Just as the meaning of the word Western is shaped by culture, so is the meaning of the word civilization. In the ancient world, residents of cities generally viewed themselves as more advanced and sophisticated than rural folk — a judgment still made today. They saw themselves as more “civilized,” a word that comes from the Latin adjective civilis, which refers to a citizen, either of a town or of a larger political unit such as an empire.
This depiction of people as either civilized or uncivilized was gradually extended to whole societies. Beginning in the eighteenth century, European scholars described any society in which political, economic, and social organizations operated on a large scale, not primarily through families and kin groups, as a civilization. Civilizations had cities; laws that governed human relationships; codes of manners and social conduct that regulated how people were to behave; and scientific, philosophical, and theological beliefs that explained the larger world. Civilizations also had some form of political organization, what political scientists call “the state,” through which one group was able to coerce resources out of others to engage in group endeavors, such as building large structures or carrying out warfare. States established armies, bureaucracies, and taxation systems. Generally only societies that used writing were judged to be civilizations, because writing allowed more permanent expression of thoughts, ideas, and feelings. Human societies in which people were nomadic or lived in small villages without formal laws, and in which traditions were passed down orally, were not regarded as civilizations.
Until the middle of the twentieth century, historians often referred to the places where writing and cities developed as “cradles of civilization,” proposing a model of development for all humanity patterned on that of an individual life span. However, the idea that all human societies developed (or should develop) on a uniform process from a “cradle” to a “mature” civilization has now been largely discredited, and some historians choose not to use the term civilization at all because it could imply that some societies are superior to others.

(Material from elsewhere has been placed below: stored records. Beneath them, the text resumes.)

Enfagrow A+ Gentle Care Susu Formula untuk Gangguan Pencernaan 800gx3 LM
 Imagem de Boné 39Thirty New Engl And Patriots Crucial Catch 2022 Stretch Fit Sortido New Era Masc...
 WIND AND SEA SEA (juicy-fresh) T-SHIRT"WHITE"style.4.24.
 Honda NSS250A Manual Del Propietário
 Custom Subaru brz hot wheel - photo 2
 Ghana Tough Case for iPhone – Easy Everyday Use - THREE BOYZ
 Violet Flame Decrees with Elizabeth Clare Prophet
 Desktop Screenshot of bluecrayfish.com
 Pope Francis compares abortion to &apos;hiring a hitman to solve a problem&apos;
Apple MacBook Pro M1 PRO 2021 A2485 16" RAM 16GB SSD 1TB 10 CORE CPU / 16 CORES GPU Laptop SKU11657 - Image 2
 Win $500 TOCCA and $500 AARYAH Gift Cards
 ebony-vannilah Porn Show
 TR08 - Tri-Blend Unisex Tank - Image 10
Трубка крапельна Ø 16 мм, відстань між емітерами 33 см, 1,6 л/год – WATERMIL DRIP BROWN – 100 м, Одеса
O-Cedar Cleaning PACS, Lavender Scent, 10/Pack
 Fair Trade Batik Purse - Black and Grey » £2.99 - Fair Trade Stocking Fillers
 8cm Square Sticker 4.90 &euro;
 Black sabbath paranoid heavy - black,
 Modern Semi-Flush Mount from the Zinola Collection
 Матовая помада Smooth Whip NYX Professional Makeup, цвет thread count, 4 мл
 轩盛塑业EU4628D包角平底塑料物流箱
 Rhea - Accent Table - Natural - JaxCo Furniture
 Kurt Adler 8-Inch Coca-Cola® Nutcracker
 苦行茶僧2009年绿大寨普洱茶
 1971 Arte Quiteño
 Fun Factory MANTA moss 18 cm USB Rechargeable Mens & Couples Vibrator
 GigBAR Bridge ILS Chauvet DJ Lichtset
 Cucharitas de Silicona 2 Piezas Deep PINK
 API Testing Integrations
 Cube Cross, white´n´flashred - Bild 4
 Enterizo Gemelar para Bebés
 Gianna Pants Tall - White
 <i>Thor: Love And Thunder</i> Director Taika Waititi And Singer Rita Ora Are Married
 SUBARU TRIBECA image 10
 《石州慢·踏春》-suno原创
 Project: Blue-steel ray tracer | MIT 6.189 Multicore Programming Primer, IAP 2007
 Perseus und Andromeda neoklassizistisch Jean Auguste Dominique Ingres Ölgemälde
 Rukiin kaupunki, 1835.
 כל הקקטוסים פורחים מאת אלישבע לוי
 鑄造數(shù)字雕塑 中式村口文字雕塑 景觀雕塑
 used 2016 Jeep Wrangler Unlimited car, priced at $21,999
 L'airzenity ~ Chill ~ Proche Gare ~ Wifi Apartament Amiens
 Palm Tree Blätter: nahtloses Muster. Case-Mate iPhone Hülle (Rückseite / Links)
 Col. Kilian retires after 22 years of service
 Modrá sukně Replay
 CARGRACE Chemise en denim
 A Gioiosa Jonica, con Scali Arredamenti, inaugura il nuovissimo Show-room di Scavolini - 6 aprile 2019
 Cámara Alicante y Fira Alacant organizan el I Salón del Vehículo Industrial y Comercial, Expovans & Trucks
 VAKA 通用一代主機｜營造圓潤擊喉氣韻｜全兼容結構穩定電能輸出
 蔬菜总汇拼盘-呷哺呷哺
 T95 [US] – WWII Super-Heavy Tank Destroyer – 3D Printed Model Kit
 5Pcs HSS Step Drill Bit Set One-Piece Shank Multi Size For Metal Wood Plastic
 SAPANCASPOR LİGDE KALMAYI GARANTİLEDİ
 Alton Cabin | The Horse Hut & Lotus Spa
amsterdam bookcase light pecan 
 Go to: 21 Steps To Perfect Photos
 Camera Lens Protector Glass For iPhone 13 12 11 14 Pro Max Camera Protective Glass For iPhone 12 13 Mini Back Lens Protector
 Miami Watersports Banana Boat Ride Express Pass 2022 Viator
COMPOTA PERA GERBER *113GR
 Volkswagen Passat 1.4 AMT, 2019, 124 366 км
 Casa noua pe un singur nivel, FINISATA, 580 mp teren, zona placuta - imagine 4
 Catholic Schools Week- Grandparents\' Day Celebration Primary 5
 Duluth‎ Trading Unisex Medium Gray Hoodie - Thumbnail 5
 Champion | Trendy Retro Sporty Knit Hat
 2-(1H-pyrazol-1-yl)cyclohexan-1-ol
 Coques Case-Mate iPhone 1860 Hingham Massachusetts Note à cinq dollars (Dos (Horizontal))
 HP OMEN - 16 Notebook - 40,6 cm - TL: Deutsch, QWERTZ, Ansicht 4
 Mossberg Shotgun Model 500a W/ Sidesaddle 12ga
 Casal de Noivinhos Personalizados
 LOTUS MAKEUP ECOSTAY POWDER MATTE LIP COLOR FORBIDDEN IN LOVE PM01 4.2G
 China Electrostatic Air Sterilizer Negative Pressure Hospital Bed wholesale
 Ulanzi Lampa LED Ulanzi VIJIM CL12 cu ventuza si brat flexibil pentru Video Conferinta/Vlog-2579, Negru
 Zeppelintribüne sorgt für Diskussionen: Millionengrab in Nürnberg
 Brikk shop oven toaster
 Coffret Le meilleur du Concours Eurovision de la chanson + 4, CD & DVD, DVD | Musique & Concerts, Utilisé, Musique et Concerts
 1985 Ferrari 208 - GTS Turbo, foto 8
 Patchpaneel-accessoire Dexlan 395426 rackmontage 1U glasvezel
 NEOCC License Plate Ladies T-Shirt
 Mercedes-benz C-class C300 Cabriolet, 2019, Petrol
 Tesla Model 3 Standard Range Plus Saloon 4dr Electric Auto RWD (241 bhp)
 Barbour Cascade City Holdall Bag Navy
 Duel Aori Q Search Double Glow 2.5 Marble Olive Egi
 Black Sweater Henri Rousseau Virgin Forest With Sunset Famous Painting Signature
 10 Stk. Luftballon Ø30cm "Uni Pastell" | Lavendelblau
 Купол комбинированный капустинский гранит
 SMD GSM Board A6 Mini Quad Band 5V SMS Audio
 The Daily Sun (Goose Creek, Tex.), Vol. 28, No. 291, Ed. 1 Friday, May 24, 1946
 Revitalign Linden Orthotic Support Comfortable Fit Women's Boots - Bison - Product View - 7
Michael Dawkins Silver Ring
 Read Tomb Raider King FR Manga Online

Just as the notion of “civilization” has been questioned, so has the notion of “Western civilization.” Ever since the idea of “Western civilization” was first developed, people have debated what its geographical extent and core values are. Are there certain beliefs, customs, concepts, and institutions that set Western civilization apart from other civilizations, and if so, when and how did these originate? How were these values and practices transmitted over space and time, and how did they change? No civilization stands alone, and each is influenced by its neighbors. Whatever Western civilization was — and is — it has been shaped by interactions with other societies, cultures, and civilizations, but the idea that there are basic distinctions between the West and the rest of the world in terms of cultural values has been very powerful for thousands of years, and it still shapes the way many people, including people in power, view the world.